菅政権は8日に発足するが、小沢氏が「沈黙」していてくれるため、人事もスムーズに進んでいるようだ。人事というのは、時間をおくと、あちこちから横やりが入って、ひっくり返ったりするものだが、いまのところ、そういうケースは出ていない。菅新首相のやりたいように進行している。仙谷官房長官、枝野幹事長が新体制のポイントだが、仙谷氏は人情味もあり、この世界の裏表を熟知している達人といっていい。胃がんを克服して、人柄がもうひとつ丸くなったという評価もある。枝野氏は、切れ味は鋭いが、妥協を許さぬところがあって、党内に冷ややかな見方もある。そこをどう乗り切っていくか。
閣僚、党役員の人事もどんどん進んでいて、菅氏はたくみに「小沢系」幹部を取りこんだりもしている。まあ、このペースで新体制が華々しくスタートするのだろう。だが、「小鳩」ダブル辞任によって、「政治とカネ」の問題がクリアーされ、民主党が生まれ変わったかのようなイメージを与えているのは、錯覚といっていい側面がある。鳩山政権は、いったい何が問われたのか。筆者の感覚では、「政治とカネ」もさることながら、普天間問題で見せつけた体質そのものが、政権崩壊を導いたように思える。

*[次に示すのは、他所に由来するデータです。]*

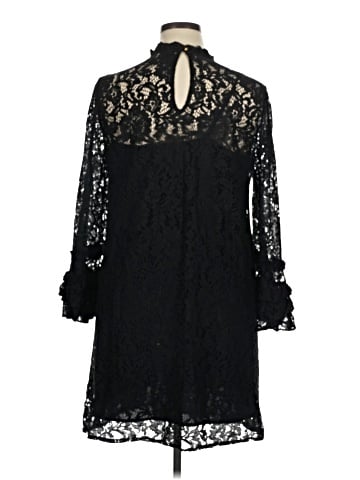 Who What Wear Cocktail Dress (view 2)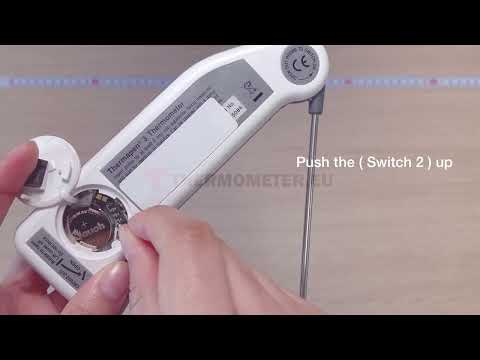 Vidéo explicative du Thermapen® Air - Idéal pour CVC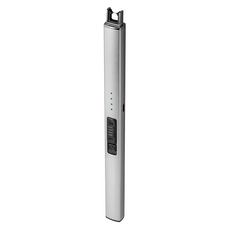 Reflects 方形電弧點火器, 鋁+ABS塑料, 19x1.5x1公分, 德國品牌, 1個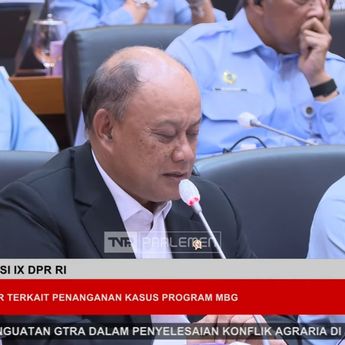 BGN Minta SPPG Masak Pakai Air Galon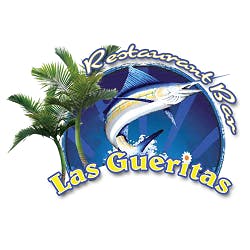 Logo for Mariscos Las Gueritas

結論的にいってしまえば、普天間の移設先は名護市辺野古以外にあり得ない。その線で4年前に日米合意にこぎつけていた。これをひっくり返して「県外・国外」移設の可能性があったとは、とてもではないが思えない。一時、その錯覚の世界に迷い込んでしまった鳩山首相とは、いったい何だったのか。そこのところの総括がきちんとされない限り、新政権に同じ遺伝子が伝えられる恐れを無視できない。もっと、ありていにいってしまえば、政権運営で決定的に重要なのは、「政治とカネ」よりも、外交・安保・危機管理という国家の基軸政策をめぐる政治判断だ。「クリーン民主党」という新しいキャッチフレーズに惑わされてはなるまい。